===== The records =====

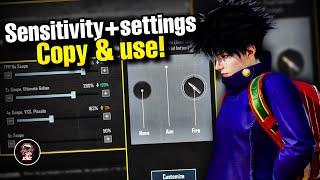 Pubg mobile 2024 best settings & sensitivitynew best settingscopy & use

=====
===== The records =====

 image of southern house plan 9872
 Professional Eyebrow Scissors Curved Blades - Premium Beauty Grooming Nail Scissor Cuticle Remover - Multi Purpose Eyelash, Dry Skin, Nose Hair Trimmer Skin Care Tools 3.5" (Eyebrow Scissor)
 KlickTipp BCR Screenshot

=====

Directions for this task: In the listing above, find the line with "image of southern house plan 9872" and the line with "KlickTipp BCR Screenshot", then reproduce both and every line between them exactly.

Solution for this task:
 image of southern house plan 9872
 Professional Eyebrow Scissors Curved Blades - Premium Beauty Grooming Nail Scissor Cuticle Remover - Multi Purpose Eyelash, Dry Skin, Nose Hair Trimmer Skin Care Tools 3.5" (Eyebrow Scissor)
 KlickTipp BCR Screenshot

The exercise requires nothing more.